Doch dann erhält die Protagonistin endlich die Nachricht,
dass der Krieg beendet ist. Bestimmt wird sich nun ihr Leben zum Besten hin
ändern, wenn erst der Vater heimgekehrt. Zeit vergeht, aber es kommt keine
Nachricht von ihm. Sie nimmt die Gelegenheit wahr, ihre Tante zurück ins
Heimatland zu begleiten. Dort macht sie sich auf die Suche nach ihrem Vater, damit
sie zu dritt die Rückfahrt antreten können. Ihre Reise endet in einer Tragödie.
Die Geschichte wird tagebuchartig von Madina in der Ich-Form
erzählt. Dadurch kam ich den Gefühlen der Protagonistin sehr nah. Aus ihren
Beschreibungen konnte ich ihre Stimmung erfassen, ihre Trauer und Wut, ebenso
wie ihre Dankbarkeit und Zuneigung. Manchmal spürte ich ihre innere Erregung
und hatte Verständnis dafür, dass es ihr vermutlich schwerfiel, sich in Worten auszudrücken,
denn dann blieben die Einträge relativ kurz. Julya Rabinowich wählt eine
einfache und coole Sprache, so dass auch Jugendliche sich gut in die Erzählung
einfinden können. Immer wieder las ich starke Sätze, die augenöffnend sind.
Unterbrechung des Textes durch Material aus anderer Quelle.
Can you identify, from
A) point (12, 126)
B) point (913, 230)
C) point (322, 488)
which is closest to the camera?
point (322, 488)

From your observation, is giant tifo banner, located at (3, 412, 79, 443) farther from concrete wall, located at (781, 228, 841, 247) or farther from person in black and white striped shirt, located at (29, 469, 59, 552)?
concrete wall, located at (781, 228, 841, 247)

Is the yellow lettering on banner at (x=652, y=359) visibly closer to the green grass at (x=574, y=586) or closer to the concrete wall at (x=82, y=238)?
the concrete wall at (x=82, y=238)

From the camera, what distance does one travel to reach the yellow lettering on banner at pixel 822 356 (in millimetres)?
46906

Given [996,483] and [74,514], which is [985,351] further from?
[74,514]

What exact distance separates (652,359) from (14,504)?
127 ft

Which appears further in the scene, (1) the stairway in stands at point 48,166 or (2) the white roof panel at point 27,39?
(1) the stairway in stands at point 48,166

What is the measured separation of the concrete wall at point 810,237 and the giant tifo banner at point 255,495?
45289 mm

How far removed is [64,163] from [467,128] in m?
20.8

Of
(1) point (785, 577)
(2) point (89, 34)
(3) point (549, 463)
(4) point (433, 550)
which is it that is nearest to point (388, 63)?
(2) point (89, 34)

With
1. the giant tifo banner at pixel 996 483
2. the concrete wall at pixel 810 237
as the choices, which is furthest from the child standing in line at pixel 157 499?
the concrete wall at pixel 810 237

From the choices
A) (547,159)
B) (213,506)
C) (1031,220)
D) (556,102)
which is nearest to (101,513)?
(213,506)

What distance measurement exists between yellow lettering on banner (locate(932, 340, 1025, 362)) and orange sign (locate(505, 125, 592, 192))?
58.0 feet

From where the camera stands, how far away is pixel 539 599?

Madina hat sich inzwischen gesellschaftlich angepasst. Eine
neue Bekannte führt ihr vor Augen, dass sie zunehmend auf das herabschaut, was
ihre Kultur früher ausmachte und sich nun dafür schämt. Die Protagonistin
lernt, selbst zu entscheiden, was sie für ihre Zukunft als wichtig empfindet.
Als Madina in ihre Heimat zurückkehrt, werden ihre schlimmsten Vorstellungen
übertroffen. Ich war tief berührt von dem, was sie dort erlebt. Die
Protagonistin war mir auch deswegen sympathisch, weil sie über andere Meinungen
nachdenkt und ihnen Respekt zollt, auch wenn sie nicht immer Verständnis dafür
hat.
Die Handlung ist rein fiktiv, steht aber für viele
Schicksale, von denen die Autorin erfahren hat. Daher weist sie dem Krieg auch
kein Land zu, denn er könnte überall spielen. Wer vor dem Krieg aus seiner
Heimat flüchtet, hat in der Regel Schreckliches erlebt. Das Wo spielt keine
Rolle.
Anhand der Geschichte der erdachten Figur Madina zeigt Julya
Rabinowich in ihrem Roman „Der Geruch von Ruß und Rosen“ das, was Krieg
ausmacht. Sie führt den Blick auf die Gefühle der Menschen, die als Flüchtlinge
ein neues Daheim gefunden haben, allerdings oft, ohne mit dem Schrecken
abschließen zu können. Gerne empfehle ich das Buch uneingeschränkt weiter.